Редькин какое-то время дергался — все-таки три тысячи баксов! — а потом понял, что с этого козла Самодурова взятки гладки — хоть бандитами наезжай, хоть душеспасительные беседы веди. В жизни наступил грустный период. Но ездить на чем-то все равно надо было — привычка уже многолетняя, — и Редькины с подачи Виталика Нестеренко купили всего за четыреста долларов старого битого сорокового «москвича». Хозяин уезжал в Израиловку навсегда и распродавал вещи со страшной скоростью, некогда ему было разбираться, сколько на самом деле стоит эта груда допотопных запчастей под ржавым кузовом. Но груда запчастей в действительности была на ходу, и при всех недостатках имела, как минимум, три весомых плюса. Первое — движок почти новый. Второе — за машину не стоило бояться, оставляй открытой где угодно. И третье — её можно было не жалеть: развалится — так развалится, сгниет — так сгниет. Что такое четыреста долларов?
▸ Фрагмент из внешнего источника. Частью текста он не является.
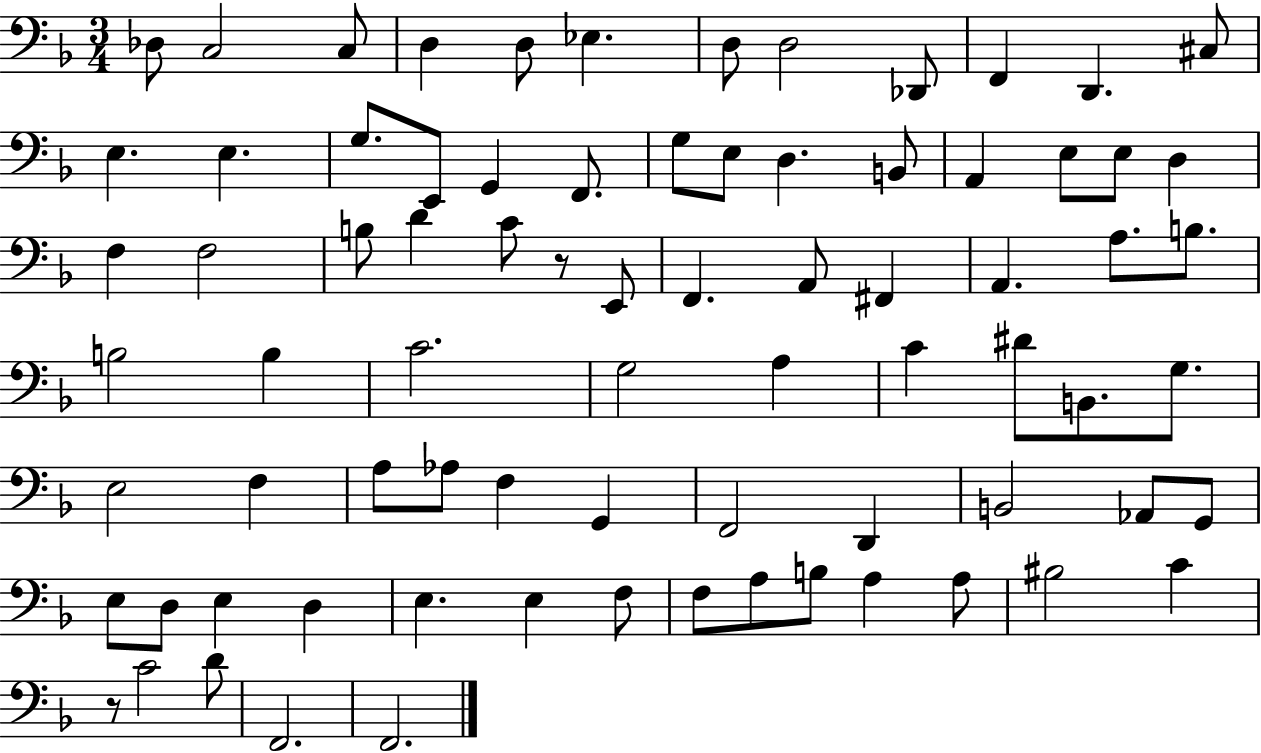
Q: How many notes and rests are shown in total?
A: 78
А тут как раз основной работой стала у них торговля книгами, вот и грузили старого несчастного «Москвича» тяжелыми пачками под завязку, так что рессоры скрипели. Крепкий оказался экземпляр, но к весне все равно потребовался крупный ремонт. Или покупка новой машины. Ни то, ни другое не вырисовывалось, вот тогда Вера Афанасьевна и раскололась.
Сначала Тимофей рвал и метал: «Вот старая дура, сколько за это время могли бы денег заработать!». Потом остыл слегка и понял, что, может, оно и к лучшему получилось. Вложили бы огромные тысячи все в того же Самодурова и попрощались бы с ними, или, как минимум, поимели бы проблемы на грани уголовщины. А начать собственное дело с суммой меньше сотни тысяч — это сегодня уже не серьезно. К сожалению, на дворе не восемьдесят девятый и даже не девяносто третий. Так что задуматься пришлось крепко.
Слава Богу, скромный банк, где лежали деньги, оставленные тесчимом, не лопнул пока, весенний кризис девяносто шестого обошел его стороной, в следующем году банк даже поднял проценты по вкладам и начислял их исправно. Однако хранить деньги и дальше на случайном счету казалось страшно. Держать дома в тумбочке — в принципе можно, но это — тоже явная глупость, а пустить в дело… Тимофей совершенно не представлял, в какое именно.